Porterhouse Blue is a novel written by Tom Sharpe, first published in 1974. There was a Channel 4 TV series of the same name in 1987 based on the novel, adapted by Malcolm Bradbury. The novel itself has a sequel, Grantchester Grind, but Porterhouse Blue has a stand-alone plot.

A satirical look at Cambridge life and the struggle between tradition and reform, Porterhouse Blue tells the story of Skullion, the Head Porter of a fictional Cambridge college, Porterhouse.

The central characters are Skullion, the Head Porter; Lionel Zipser, a research graduate student; Sir Godber Evans, the Master; Lady Mary, the Master's wife; the Dean; and Mrs. Biggs, Zipser's bedder.

For the first time in five hundred years, the master of Porterhouse fails to name his successor on his deathbed before dying. He succumbs to a Porterhouse Blue - a stroke brought about by overindulgence in the college's legendary cuisine. Sir Godber Evans is appointed as his successor. Sir Godber, egged on by his zealous wife, Lady Mary, announces sweeping changes to the centuries of college tradition, much to the concern of Skullion and the Fellows, who plan a counter-attack on the proposed contraceptive machines, women students, and canteen.

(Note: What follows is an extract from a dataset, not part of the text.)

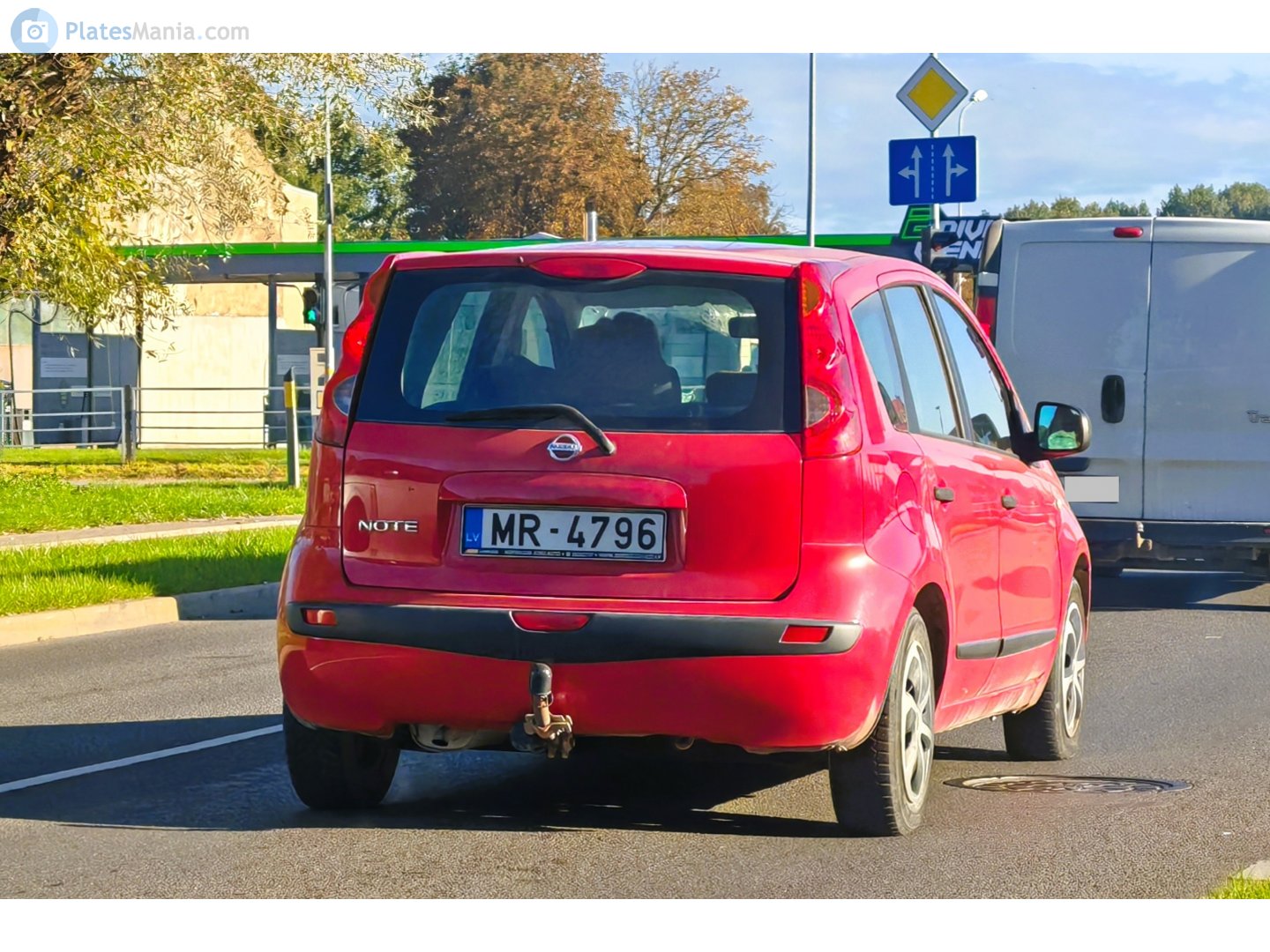 MR-4796, Nissan Note 1st gen (E11), 2005–2013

Meanwhile, the only research graduate student in the college, Lionel Zipser, visits the hard-of-hearing Chaplain and explains his fixation for Mrs Biggs, his middle-aged, large-breasted bedder, through a megaphone, and is therefore overheard by the whole college. Mrs Biggs is not within earshot, but nevertheless senses that something is up from Zipser's awkward behaviour around her every time she comes to clean his room and especially when she teases him sexually, the climax of which is when she asks him to help her take off her bright red PVC raincoat from behind, in the tight confines of the "gyp".